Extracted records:
━━━━

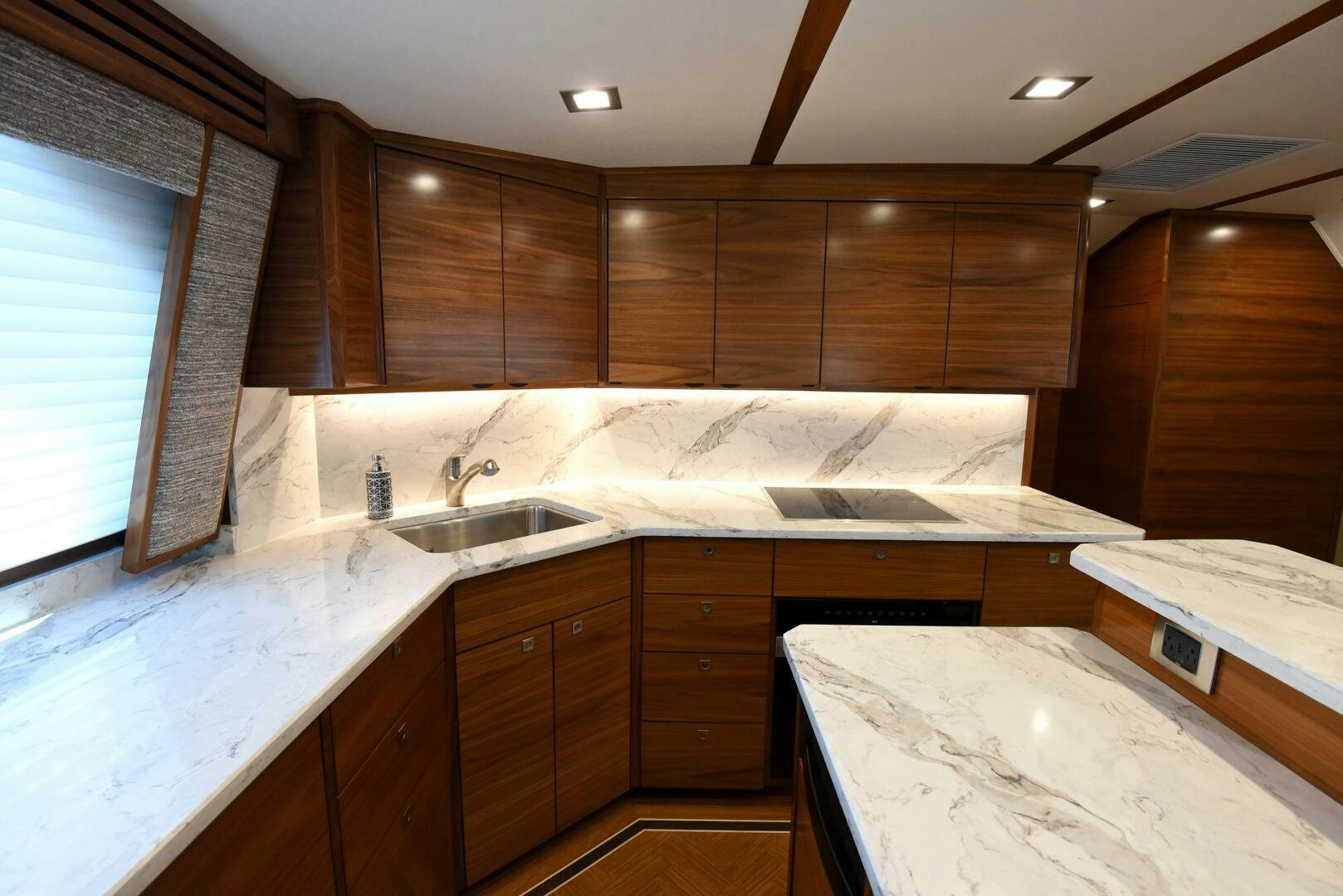 a kitchen with wooden cabinets aboard AMANDA P Yacht for Sale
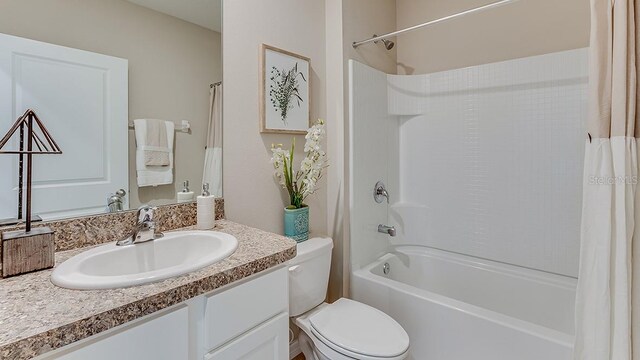 full bath with shower / bathtub combination with curtain, toilet, and vanity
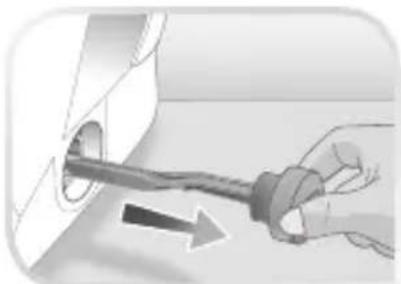 Hand holding a screwdriver inserted into a socket (no text or symbols visible)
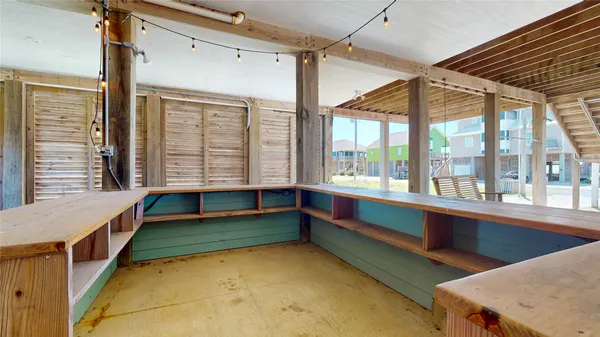 a dining hall with couches a dining table and chairs with wooden floor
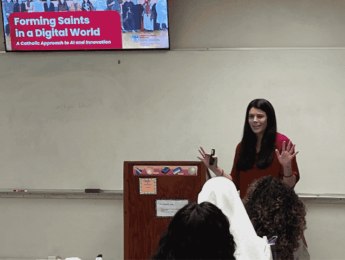 woman giving a talk while standing at a lectern in a classroom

━━━━

[ACTIVITY]
If the records contain pictures, skip them, and transcribe exactly every line from the one with "Hand holding a" through the last line.

[EXERCISE OUTPUT]
 Hand holding a screwdriver inserted into a socket (no text or symbols visible)
 a dining hall with couches a dining table and chairs with wooden floor
 woman giving a talk while standing at a lectern in a classroom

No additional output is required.